Scary stories from a lovely place
Music has always been significant in my life. But only particular music and very particular musicians.
I am, however, not musical at all. As a child I briefly had piano lessons. Then flute. Then guitar. I have no natural talent and zero aptitude for all that practising that adults say you have to do when you learn an instrument. But I have always liked listening to it and finding my own experiences and attitudes within the lyrics and beat.
At times when life has felt the lowest it has been music that has played a vital role in distracting me from that stuff. I have songs that represent different high school woes and others that mirror serious adult troubles. I remember a particularly dark couple of weeks back in 2008 when I listened to the one Thom Yorke song about a thousand times. Over and over. Loud or soft. While doing nothing or while busy. I wrote out the lyrics over and over and stared at the words while I heard their sounds.
When I first met Stephen in early 2008 it quickly became apparent that we didn’t share a love for many of the same bands. He hadn’t even heard of You am I and didn’t have strong feelings about the order in which the Radiohead albums should be appreciated or whether Calexico were better than Iron and Wine. At first I thought this might be a problem, but then all the wonderful things about Stephen became apparent and I was willing to overlook this. Slowly though I realised that we did share some similarities. I liked U2. I knew all the words to With or Without You and that Sunday Bloody Sunday was about something real and important. Then one day while rowing a boat on a lake in a lovely park in Johannesburg he sang me an Irish ballad. After that I was willing to overlook any fickle problems and happily rushed to the altar.

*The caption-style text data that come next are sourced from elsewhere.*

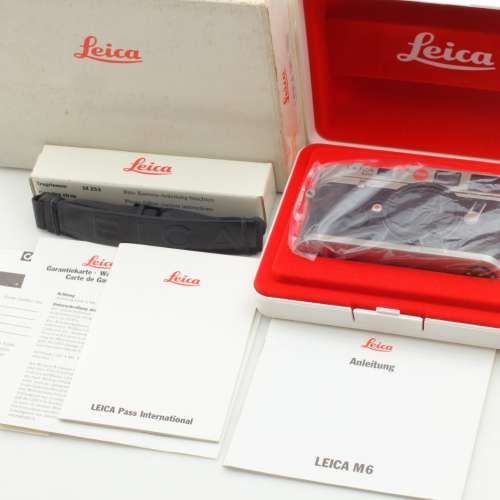 包装精美的徕卡 M6 Titan 钛金属相机，品质优良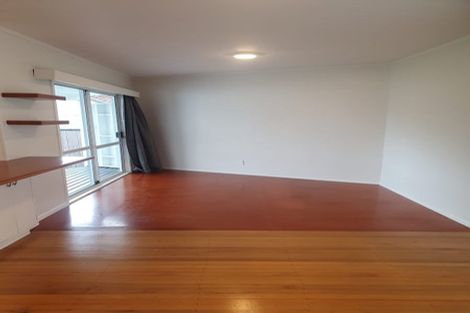 Photo of property in 99 Tiroroa Avenue, Te Atatu South, Auckland, 0610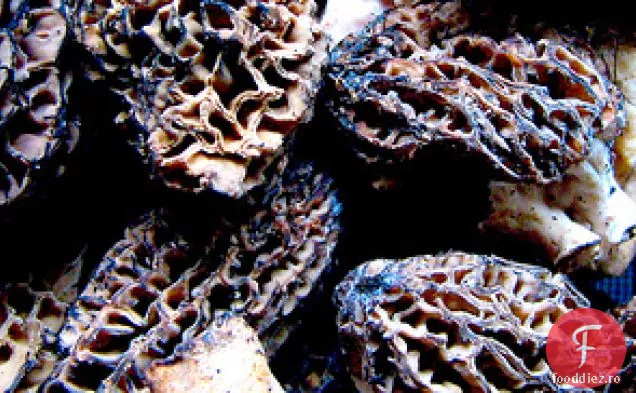 Chanterelles Proaspete Și Cimbru, Pentru Doi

Then, a few years later, and after Stephen had dutifully listened his way through my iTunes library and learned to appreciate Weezer and Gomez, we moved to Australia and basically started life together again. We had a weird first year here. Silas learned to walk and didn’t want to stop discovering everything he possible could. Oisín was born a funny, dark little boy and didn’t sleep for more than 40 minutes at a time until a couple of years later. I remembered all the annoying things about Australia and pined for the simplicity of life in our little community in Johannesburg. Stephen fumbled his way through the over-bureacracy that is Australia’s administration – the RTA, Centrelink, the tax office.
Then early in 2012 Stephen commented on the results of Triple J’s Hottest 100. He was very disappointed that Macklemore’s ‘Thrift Shop’ was number 1 and that with all the great music in Australia we hadn’t voted for an Australian artist. I had no idea what he was talking about. I didn’t know who Macklemore was or when Stephen had become a die-hard JJJ fan or what was going on with my non-music savvy husband.

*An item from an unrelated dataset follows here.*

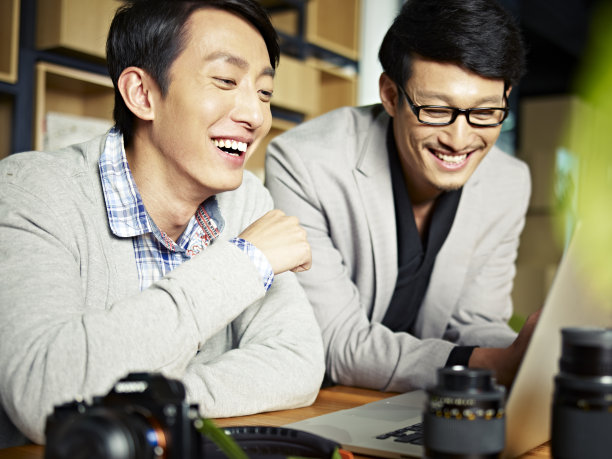 工作中的亚洲摄影师图片下载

Now, tonight, on Stephen’s tradie site radio, we have listened to the Triple J concert celebrating their 40 years of airtime. We have voted in this year’s JJJ Hottest 100. Stephen has once again surprised me with his knowledge of music that is currently popular. I am way behind. He knows all the words to Briggs and who Siya is and what songs made each artist famous.
Stephen’s love for Triple J is a great emblem of this man’s efforts to make Australia his home with his rugged little family, despite his sadness for leaving South Africa and Ireland. And he still listens to U2. And Freshlyground.